Radical roles for RAGE in the pathogenesis of oxidative stress in cardiovascular diseases and beyond

Abstract

Oxidative stress is a central mechanism by which the receptor for advanced glycation endproducts (RAGE) mediates its pathological effects. Multiple experimental inquiries in RAGE-expressing cultured cells have demonstrated that ligand-RAGE interaction mediates generation of reactive oxygen species (ROS) and consequent downstream signal transduction and regulation of gene expression. The primary mechanism by which RAGE generates oxidative stress is via activation of NADPH oxidase; amplification mechanisms in the mitochondria may further drive ROS production. Recent studies indicating that the cytoplasmic domain of RAGE binds to the formin mDia1 provide further support for the critical roles of this pathway in oxidative stress; mDia1 was required for activation of rac1 and NADPH oxidase in primary murine aortic smooth muscle cells treated with RAGE ligand S100B. In vivo, in multiple distinct disease models in animals, RAGE action generates oxidative stress and modulates cellular/tissue fate in range of disorders, such as in myocardial ischemia, atherosclerosis, and aneurysm formation. Blockade or genetic deletion of RAGE was shown to be protective in these settings. Indeed, beyond cardiovascular disease, evidence is accruing in human subjects linking levels of RAGE ligands and soluble RAGE to oxidative stress in disorders such as doxorubicin toxicity, acetaminophen toxicity, neurodegeneration, hyperlipidemia, diabetes, preeclampsia, rheumatoid arthritis and pulmonary fibrosis. Blockade of RAGE signal transduction may be a key strategy for the prevention of the deleterious consequences of oxidative stress, particularly in chronic disease.

Figure 1

AGE-RAGE, oxidative stress and amplification loops linked to the pathogenesis of chronic disease. We propose that generation and accumulation of AGEs (red triangles) may be an important triggering event in a diverse array of stimuli, such as hyperglycemia, natural aging, inflammatory mechanisms and oxidative stress (such as via the myeloperoxidase pathway), and ischemia-reperfusion.
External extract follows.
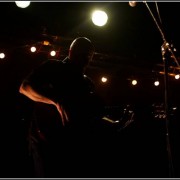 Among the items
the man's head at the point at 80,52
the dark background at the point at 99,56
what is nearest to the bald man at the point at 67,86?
the man's head at the point at 80,52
Once AGEs achieve degrees of modification/concentrations sufficient to bind to and activate RAGE, RAGE signaling, at least in part through the interaction of its cytoplasmic domain with the formin, mDia1, results in activation of NADPH oxidase and the generation of ROS. Such ROS, via mitochondrial amplification, may generate even further ROS. One consequence of increased NADPH oxidase- and mitochondrial ROS generation is the consumption of antioxidant defenses. Together with RAGE-dependent suppression of Glo1, AGE formation and accumulation is sustained and amplified. Once set in motion, AGEs may stimulate recruitment of RAGE-expressing inflammatory cells which, when activated, may result in the release of non-AGE RAGE ligands, such as S100/calgranulins and HMGB1 (blue triangles). Such non-AGE + AGE ligands of RAGE may stimulate yet an additional amplification loop of RAGE activation, that is, cellular stress and activation of gene programs that augur tissue damage and reduced activation of repair mechanisms. We posit that such cellular stimulation mediated by AGE-RAGE and the indicated amplification loops contribute to the pathogenesis of the complications of diabetes, cardiovascular disease, autoimmunity and innate aging. Blocking AGE formation, RAGE signaling and the indicated amplification loops may be essential for the prevention of these chronic disorders.